Daniele Faraotti "Phara Pop, Vol. 1" la recensione


"Phara Pop, Vol. 1", in uscita per Creamcheese Records,  è l'interessante lavoro di Daniele Faraotti, che riesce a destrutturare la forma canzone, con un'atmosfera 'art', vagamente glam, un pò Bowie ma più primo Morgan visti i testi in italiano. 

"Isolde" fornisce una prima impronta eterea fatta di chitarre distorte e di synth che viaggiano indietro nel tempo; "Vivaldi we love you" si muove sinuosa tra i drums-beat e i synth che sembrano voci lontane, che fanno il verso al nostro: "Tutto questo tornerà... tornerà un sereno incanto..." e da qui si fa curioso e martellante.

In "Le chiome e i falò" i tasti hammond anni '70 spaziano liberi. Faraotti gioca coi contrasti: adagia una voce pop sulla tastiera blues e sui loop rockeggianti. "Il ballerino di quadriglia" è giustamente danzante, con la sua parte strumentale psichedelica se vogliamo; una linea melodica che ancora una volta viene estremizzata, ma il cui risultato finale godibile.
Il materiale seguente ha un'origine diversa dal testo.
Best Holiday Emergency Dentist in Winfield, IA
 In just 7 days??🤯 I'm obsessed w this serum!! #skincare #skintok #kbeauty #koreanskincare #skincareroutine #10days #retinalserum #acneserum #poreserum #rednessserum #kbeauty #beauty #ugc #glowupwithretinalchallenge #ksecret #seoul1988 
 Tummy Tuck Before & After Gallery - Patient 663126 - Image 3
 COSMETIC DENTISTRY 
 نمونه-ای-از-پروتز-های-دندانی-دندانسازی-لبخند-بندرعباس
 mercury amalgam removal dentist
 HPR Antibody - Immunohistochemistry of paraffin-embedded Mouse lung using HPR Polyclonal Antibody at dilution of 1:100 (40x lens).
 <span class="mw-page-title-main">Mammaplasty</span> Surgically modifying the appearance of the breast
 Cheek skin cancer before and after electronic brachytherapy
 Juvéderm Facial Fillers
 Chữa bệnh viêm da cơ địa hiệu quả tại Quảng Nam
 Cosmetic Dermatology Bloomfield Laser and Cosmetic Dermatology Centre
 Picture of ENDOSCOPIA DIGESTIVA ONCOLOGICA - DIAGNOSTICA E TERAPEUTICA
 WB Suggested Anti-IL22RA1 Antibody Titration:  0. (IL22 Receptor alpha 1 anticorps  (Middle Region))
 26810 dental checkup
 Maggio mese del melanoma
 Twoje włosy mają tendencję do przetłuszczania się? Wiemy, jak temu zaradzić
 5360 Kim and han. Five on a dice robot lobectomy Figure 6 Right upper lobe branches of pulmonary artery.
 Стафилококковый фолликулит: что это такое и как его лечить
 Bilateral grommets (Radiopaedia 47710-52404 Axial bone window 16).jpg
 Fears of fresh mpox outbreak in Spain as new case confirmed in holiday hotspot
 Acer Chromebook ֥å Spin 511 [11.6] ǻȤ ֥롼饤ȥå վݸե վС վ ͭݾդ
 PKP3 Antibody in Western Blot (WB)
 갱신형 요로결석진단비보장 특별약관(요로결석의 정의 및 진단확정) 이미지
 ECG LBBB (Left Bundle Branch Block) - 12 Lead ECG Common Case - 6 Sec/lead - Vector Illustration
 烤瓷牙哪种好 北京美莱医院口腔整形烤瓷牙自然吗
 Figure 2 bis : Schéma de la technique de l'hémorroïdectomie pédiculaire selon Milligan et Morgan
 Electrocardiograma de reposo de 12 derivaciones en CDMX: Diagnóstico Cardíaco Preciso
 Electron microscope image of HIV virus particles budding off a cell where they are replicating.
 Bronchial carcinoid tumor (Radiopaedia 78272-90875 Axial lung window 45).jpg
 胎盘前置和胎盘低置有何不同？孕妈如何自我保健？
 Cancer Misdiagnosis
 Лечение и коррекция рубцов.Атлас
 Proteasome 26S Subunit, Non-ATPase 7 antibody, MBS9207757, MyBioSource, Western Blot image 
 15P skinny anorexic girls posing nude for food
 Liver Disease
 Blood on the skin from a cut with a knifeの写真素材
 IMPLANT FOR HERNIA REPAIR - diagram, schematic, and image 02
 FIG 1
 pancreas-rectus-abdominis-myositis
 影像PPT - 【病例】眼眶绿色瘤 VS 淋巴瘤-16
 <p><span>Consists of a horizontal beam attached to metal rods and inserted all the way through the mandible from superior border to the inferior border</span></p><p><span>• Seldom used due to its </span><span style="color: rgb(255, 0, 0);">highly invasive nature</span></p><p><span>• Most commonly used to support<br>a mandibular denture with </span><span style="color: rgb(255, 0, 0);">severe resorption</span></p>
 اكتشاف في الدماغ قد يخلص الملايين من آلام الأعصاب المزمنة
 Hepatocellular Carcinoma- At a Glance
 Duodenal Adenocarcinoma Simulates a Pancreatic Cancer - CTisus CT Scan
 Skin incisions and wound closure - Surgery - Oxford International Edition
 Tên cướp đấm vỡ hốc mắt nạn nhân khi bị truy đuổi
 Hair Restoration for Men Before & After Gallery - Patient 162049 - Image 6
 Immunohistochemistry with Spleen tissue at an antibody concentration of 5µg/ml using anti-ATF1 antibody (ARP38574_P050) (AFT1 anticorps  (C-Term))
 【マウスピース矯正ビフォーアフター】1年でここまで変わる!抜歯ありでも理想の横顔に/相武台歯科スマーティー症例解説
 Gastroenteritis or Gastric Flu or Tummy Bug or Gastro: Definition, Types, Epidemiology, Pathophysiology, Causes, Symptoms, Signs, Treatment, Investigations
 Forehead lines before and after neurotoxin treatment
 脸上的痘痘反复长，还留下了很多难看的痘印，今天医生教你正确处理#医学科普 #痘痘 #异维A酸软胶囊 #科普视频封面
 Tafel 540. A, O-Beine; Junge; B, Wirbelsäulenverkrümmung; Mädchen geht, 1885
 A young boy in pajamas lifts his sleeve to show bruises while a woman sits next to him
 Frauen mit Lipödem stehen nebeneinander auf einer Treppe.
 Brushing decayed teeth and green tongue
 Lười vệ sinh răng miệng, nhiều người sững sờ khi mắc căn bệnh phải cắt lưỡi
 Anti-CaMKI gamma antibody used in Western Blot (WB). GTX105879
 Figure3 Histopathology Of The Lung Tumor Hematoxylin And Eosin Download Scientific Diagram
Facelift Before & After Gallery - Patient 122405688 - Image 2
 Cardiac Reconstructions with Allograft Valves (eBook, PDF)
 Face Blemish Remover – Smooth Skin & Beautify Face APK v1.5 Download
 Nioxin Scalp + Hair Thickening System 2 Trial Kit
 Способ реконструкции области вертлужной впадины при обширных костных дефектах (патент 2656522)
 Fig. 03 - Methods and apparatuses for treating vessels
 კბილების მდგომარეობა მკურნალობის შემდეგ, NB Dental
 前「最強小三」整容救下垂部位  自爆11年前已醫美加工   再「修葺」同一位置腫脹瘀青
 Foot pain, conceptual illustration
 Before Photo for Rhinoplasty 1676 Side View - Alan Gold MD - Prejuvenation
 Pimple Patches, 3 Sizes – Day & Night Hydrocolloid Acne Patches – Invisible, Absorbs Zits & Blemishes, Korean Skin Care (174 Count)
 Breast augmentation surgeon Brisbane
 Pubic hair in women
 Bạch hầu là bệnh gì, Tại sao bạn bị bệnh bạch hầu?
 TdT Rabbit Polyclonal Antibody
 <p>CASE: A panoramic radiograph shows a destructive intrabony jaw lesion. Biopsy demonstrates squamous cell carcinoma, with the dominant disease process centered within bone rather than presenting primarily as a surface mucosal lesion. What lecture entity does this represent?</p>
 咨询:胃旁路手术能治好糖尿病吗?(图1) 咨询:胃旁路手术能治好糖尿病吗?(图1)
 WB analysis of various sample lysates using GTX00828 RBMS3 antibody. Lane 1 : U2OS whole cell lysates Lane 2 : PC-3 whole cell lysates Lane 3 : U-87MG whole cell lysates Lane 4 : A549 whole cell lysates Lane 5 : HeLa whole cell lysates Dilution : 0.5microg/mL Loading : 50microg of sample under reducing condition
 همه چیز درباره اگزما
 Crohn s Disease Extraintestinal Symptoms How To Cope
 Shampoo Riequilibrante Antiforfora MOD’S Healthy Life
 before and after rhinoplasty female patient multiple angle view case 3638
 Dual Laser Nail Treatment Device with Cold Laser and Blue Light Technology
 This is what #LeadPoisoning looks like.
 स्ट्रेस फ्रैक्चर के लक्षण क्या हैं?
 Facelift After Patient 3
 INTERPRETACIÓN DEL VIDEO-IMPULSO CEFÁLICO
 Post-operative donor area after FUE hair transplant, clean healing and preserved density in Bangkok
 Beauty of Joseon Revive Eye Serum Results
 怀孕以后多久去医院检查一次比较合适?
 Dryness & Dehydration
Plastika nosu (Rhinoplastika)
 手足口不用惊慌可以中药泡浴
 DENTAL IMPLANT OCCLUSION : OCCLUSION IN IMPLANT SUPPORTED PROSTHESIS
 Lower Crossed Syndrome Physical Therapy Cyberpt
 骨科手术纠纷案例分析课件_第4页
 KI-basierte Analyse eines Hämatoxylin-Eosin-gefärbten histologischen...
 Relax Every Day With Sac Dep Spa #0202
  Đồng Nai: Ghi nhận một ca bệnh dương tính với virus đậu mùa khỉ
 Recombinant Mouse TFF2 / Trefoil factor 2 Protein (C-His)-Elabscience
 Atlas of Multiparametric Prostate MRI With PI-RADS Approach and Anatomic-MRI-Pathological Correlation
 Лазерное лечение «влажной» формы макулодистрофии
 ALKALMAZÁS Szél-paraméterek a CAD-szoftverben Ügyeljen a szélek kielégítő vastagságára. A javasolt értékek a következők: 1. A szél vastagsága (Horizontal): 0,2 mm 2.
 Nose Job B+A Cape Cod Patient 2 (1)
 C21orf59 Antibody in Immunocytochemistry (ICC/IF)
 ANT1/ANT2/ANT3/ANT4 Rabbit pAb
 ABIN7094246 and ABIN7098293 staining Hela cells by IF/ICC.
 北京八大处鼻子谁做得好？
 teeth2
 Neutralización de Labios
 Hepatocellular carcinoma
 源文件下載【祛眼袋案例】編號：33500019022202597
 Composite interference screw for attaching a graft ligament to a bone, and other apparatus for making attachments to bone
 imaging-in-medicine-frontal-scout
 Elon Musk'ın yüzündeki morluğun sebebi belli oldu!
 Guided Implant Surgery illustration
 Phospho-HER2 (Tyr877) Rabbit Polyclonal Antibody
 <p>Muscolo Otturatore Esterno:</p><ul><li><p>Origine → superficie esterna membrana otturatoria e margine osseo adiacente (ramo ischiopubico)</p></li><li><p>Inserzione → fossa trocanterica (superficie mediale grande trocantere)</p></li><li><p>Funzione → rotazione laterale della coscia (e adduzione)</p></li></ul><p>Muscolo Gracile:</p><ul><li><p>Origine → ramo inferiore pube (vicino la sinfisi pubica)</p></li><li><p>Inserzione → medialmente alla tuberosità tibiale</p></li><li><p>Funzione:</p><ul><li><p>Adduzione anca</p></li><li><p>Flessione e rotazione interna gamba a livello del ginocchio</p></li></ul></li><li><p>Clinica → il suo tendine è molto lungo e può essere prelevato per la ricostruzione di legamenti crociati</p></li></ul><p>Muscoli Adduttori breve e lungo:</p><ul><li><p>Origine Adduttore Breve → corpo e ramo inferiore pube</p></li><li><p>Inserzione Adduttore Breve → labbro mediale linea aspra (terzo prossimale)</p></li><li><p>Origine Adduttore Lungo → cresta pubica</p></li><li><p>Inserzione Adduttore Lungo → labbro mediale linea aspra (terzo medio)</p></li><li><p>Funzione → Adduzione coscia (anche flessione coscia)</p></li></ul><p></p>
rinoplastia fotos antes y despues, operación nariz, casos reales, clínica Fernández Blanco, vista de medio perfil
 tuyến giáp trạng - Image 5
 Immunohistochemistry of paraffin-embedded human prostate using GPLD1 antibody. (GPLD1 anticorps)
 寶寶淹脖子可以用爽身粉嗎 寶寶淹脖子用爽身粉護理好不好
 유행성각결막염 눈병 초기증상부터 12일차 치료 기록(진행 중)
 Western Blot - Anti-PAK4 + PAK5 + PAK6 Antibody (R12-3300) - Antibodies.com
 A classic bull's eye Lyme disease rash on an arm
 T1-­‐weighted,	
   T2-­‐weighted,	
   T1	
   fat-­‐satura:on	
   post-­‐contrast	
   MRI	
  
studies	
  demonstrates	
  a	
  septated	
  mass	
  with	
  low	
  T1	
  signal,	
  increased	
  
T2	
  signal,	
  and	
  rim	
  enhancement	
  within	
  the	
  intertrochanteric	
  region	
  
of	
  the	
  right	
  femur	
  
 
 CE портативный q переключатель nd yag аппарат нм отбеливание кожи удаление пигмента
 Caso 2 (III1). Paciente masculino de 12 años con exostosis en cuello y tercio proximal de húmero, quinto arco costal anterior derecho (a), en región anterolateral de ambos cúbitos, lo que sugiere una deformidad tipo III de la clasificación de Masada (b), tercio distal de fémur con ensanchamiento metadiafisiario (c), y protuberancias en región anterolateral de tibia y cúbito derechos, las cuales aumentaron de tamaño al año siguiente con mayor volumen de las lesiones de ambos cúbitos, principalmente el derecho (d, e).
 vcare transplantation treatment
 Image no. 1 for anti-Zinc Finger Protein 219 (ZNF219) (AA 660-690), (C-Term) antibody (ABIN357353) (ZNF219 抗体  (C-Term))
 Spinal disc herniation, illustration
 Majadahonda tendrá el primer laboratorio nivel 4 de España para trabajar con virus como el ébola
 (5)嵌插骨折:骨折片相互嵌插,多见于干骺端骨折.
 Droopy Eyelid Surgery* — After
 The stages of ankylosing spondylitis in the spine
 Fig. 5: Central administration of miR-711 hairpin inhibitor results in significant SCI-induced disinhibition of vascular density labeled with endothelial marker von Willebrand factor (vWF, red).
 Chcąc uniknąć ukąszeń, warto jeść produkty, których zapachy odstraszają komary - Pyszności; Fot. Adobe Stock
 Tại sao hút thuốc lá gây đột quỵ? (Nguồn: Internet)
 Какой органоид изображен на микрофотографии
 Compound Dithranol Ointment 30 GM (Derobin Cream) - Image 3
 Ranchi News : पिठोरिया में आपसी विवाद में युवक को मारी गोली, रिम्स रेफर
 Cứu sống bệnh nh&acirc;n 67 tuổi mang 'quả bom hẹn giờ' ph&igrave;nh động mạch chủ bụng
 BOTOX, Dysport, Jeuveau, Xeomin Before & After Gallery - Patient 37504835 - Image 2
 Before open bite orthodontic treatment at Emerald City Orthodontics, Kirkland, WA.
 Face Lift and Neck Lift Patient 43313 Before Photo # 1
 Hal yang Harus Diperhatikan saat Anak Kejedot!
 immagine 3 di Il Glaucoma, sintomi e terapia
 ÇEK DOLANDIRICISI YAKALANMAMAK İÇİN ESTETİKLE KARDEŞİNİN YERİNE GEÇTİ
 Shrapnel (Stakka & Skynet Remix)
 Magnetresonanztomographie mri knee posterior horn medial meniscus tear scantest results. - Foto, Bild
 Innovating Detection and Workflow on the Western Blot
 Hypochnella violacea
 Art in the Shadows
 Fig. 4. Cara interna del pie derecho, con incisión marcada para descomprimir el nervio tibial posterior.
In questo brano emerge un atteggiamento alla "Renato Zero". Lo step successivo è rappresentato da una triade di brani dalla stessa matrice: "Frugale"... "Esiste una sola esistenza vera..." ci fa capire a cosa tende Faraotti; "Edison Dino" ricca di incursioni distorte che fanno solo bene al brano; "Come vincere la timidezza", in cui la voce si fa tesa come dritto è il riff di chitarre che passano velocemente a dei 'soli' che fanno da sfondo alla voce sempre troppo, probabilmente, presente. 

Questo estremizzare, virando nell'elettronica, lo si nota molto in "Due Mona" che interviene tra un brano e l'altro a spezzare il ritmo serrato e in "Il Villaggio", sincopata, ansiogena, quasi un voler marcare la cifra stilistica. 

A chiudere l'album "Phara Pop, Vol. 1", "La visione di Proculo parte prima": "Sopra il monte splende, declinando all'Occidente, scorre il Reno, scorre il Reno, dolcemente"... una visione poetica sorretta dalla batteria e dal piano che fa il verso al jazz. La seconda parte del brano poi si apre in un dinamico pop oltreoceano, la sezione meno deconcettualizzata di tutto il disco e Faraotti a fatto bene a lasciarla così.